Jeden Morgen blättern wir für Sie durch die führenden Tageszeitungen – damit Sie schnell einen Überblick haben, wenn Kunden ein bestimmtes Buch suchen oder Sie nach einer Idee für einen aktuellen Büchertisch.

Frankfurter Allgemeine Sonntagszeitung

Es wird gestritten: „Ist Judith Hermann noch zeitgemäß“ – wenn das kein Ritterschlag für die Autorin ist.
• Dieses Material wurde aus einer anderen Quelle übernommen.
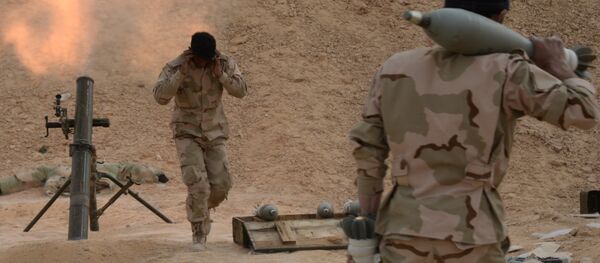 俄參議員：敘利亞恐怖分子手中握有200噸化學物質 - 俄羅斯衛星通訊社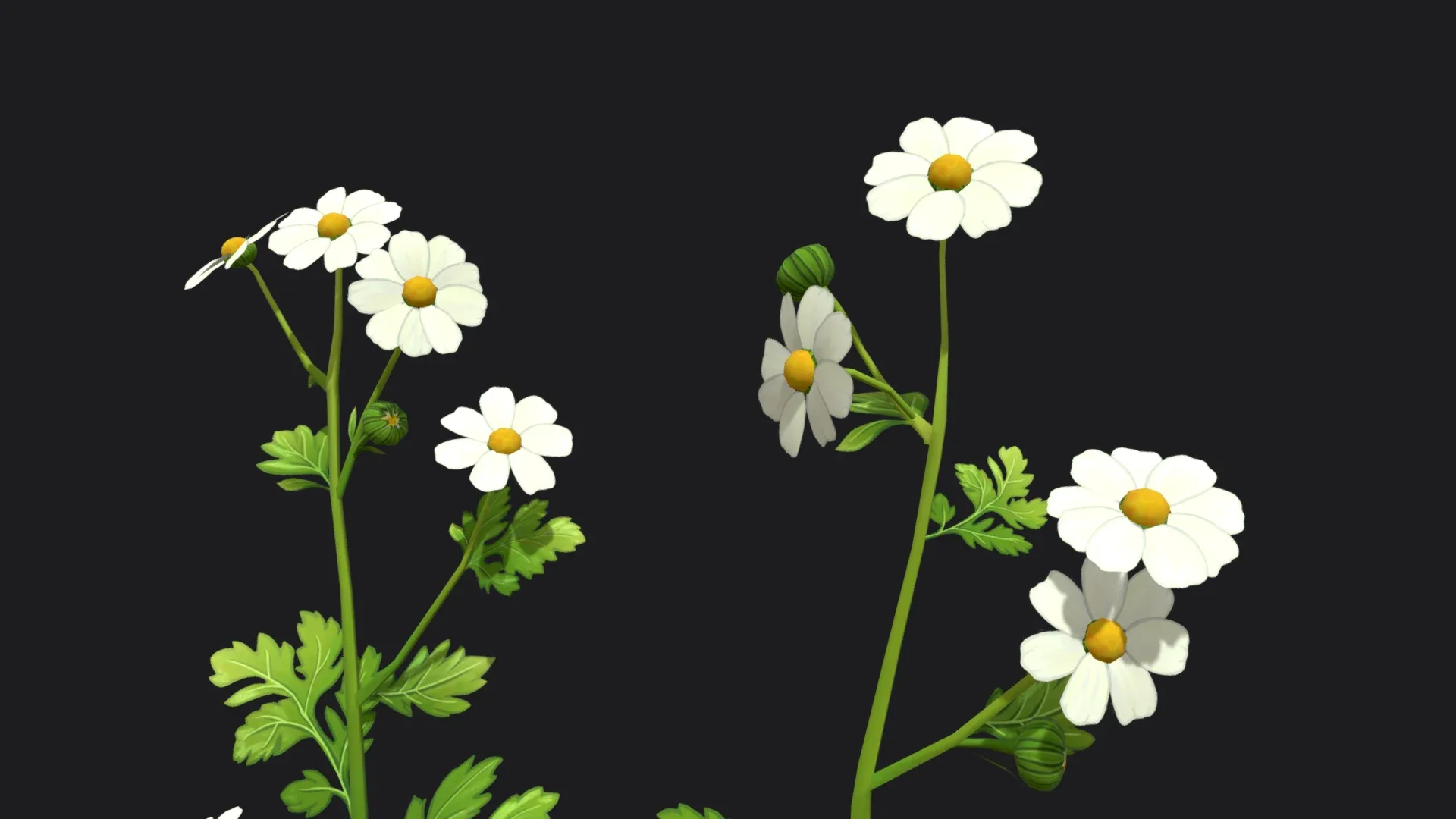 Feverfew stylized plant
Kurz gemeldet wird, dass „Schwedische Krimiautoren die Bestsellerlisten in Europa dominieren“ (in fünf Ländern führt Stieg Larsson die Charts an), und dabei wird auch verraten, dass noch in diesem Jahr ein neuer Wallander-Krimi von Henning Mankell kommen soll.

Werner Liersch erinnert an das Jahr „1959 Ost“, als in der DDR die Literatur auf den „Bitterfelder Weg“ geschickt wurde, „ein Kahlschlag“.

Eine „Kleine Meinung“ meint den Krimi Ich vertraue dir von Carlotto/Abate (C.Bertelsmann), der das Geschäft mit manipulierten Lebensmitteln in Italien aufs Korn nimmt; nichts für Toskana-Fans, etwas „grotesk“, aber „gut recherchiert“.

Welt am Sonntag

„Weniger Geld, weniger Aufmerksamkeit – da kann man schon mal einen Appell unterschreiben“ – Matthias Wulff findet, die zeitgenössischen Schriftsteller „malen Google an die Wand“, weil ihr Einkommen durchs Internet bedroht ist.

Nicht zeitgenössisch mehr, aber auf der Höhe der Zeit: „Was für ein Jahrhundertroman“ findet Brigitte Helbing, die die Neuübersetzung von Thomas Wolfes Schau heimwärts, Engel von Irma Wehrli (Manesse) gelesen hat.